(Beginning of SUPPLIED INFORMATION)

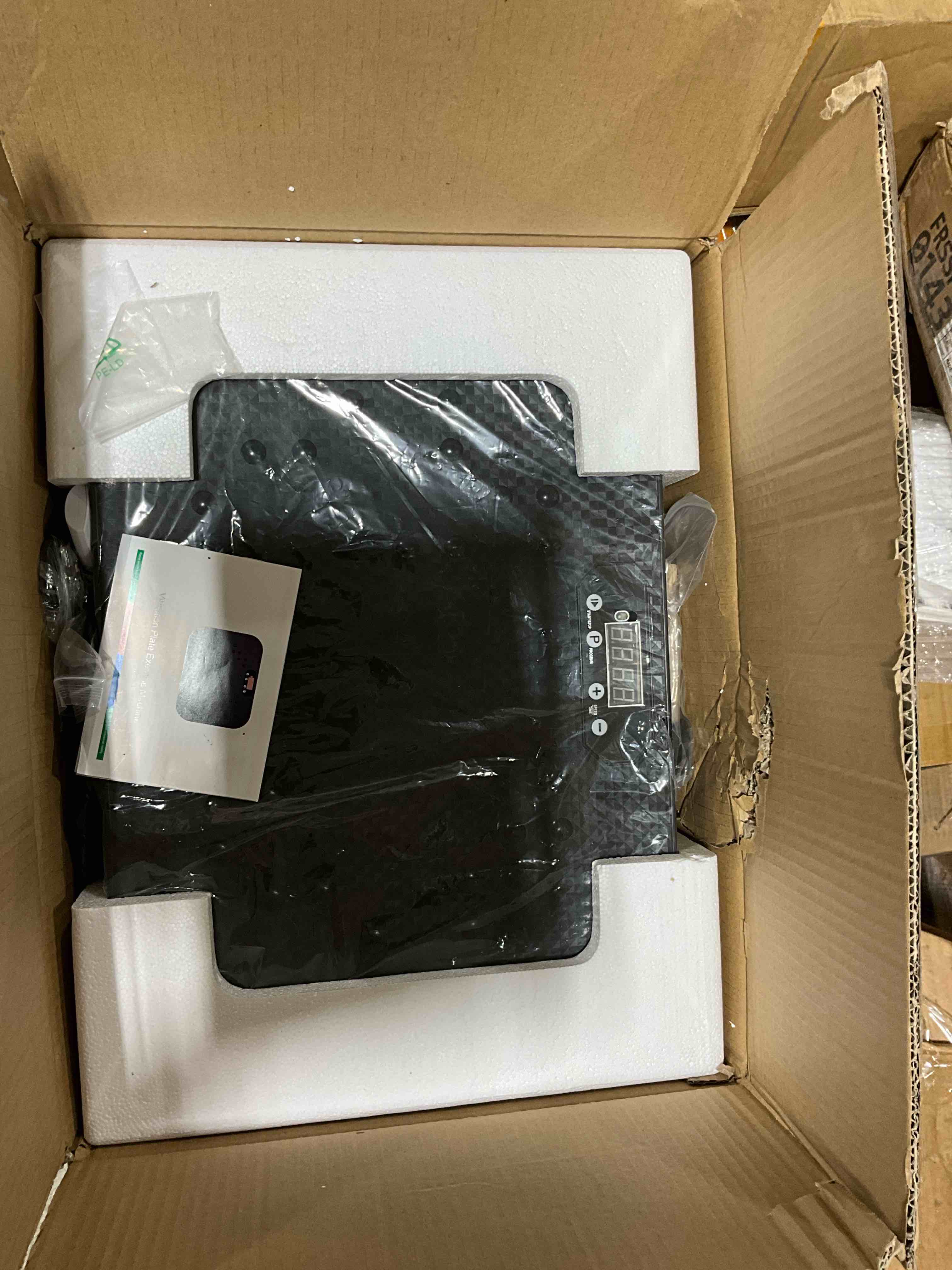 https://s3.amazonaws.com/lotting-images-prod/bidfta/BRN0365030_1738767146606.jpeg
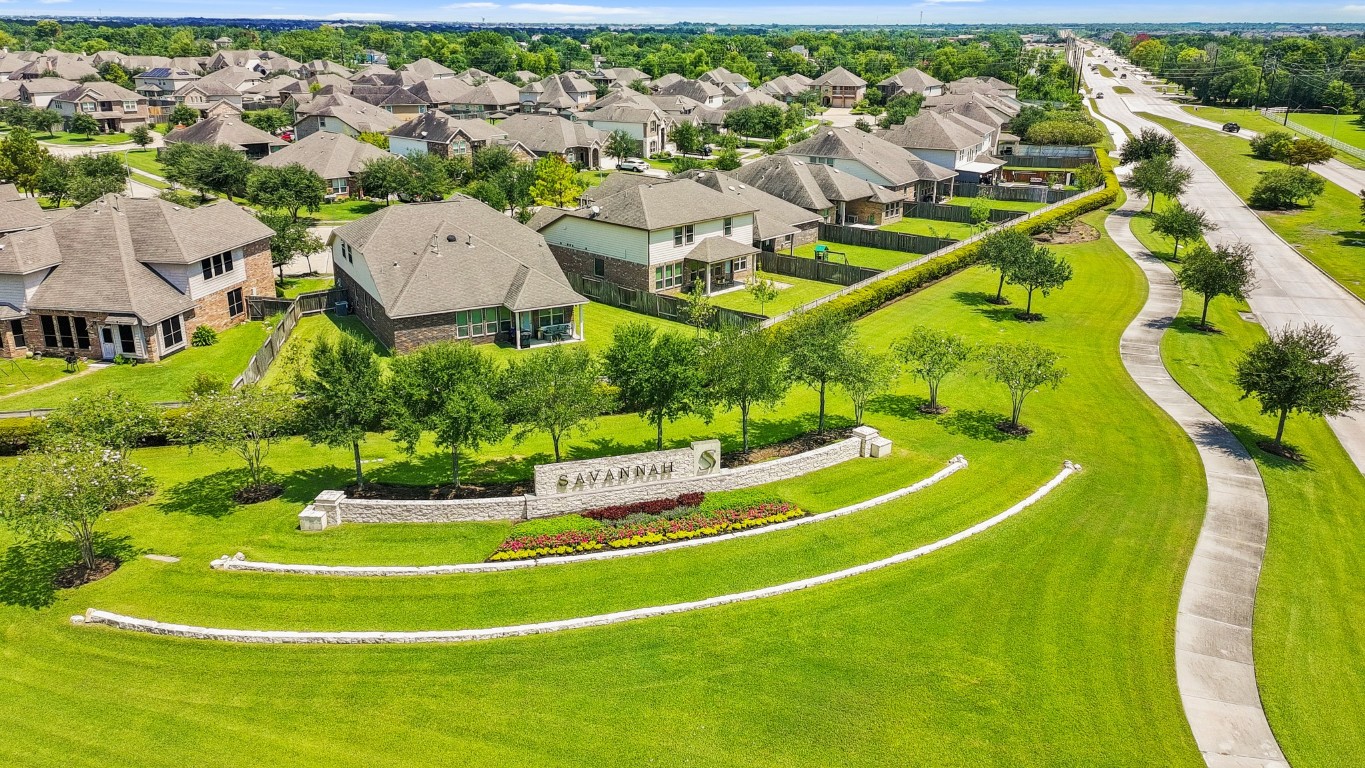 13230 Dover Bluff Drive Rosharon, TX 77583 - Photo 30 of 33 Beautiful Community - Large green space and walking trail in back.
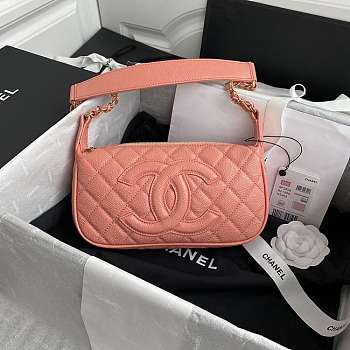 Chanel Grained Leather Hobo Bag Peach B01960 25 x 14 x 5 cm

(End of SUPPLIED INFORMATION)

▸ **YOUR ASSIGNMENT**
Copy all the data exactly as written, but skip any picture.

▸ **OUTPUT OF THE TASK**
 https://s3.amazonaws.com/lotting-images-prod/bidfta/BRN0365030_1738767146606.jpeg
 13230 Dover Bluff Drive Rosharon, TX 77583 - Photo 30 of 33 Beautiful Community - Large green space and walking trail in back.
 Chanel Grained Leather Hobo Bag Peach B01960 25 x 14 x 5 cm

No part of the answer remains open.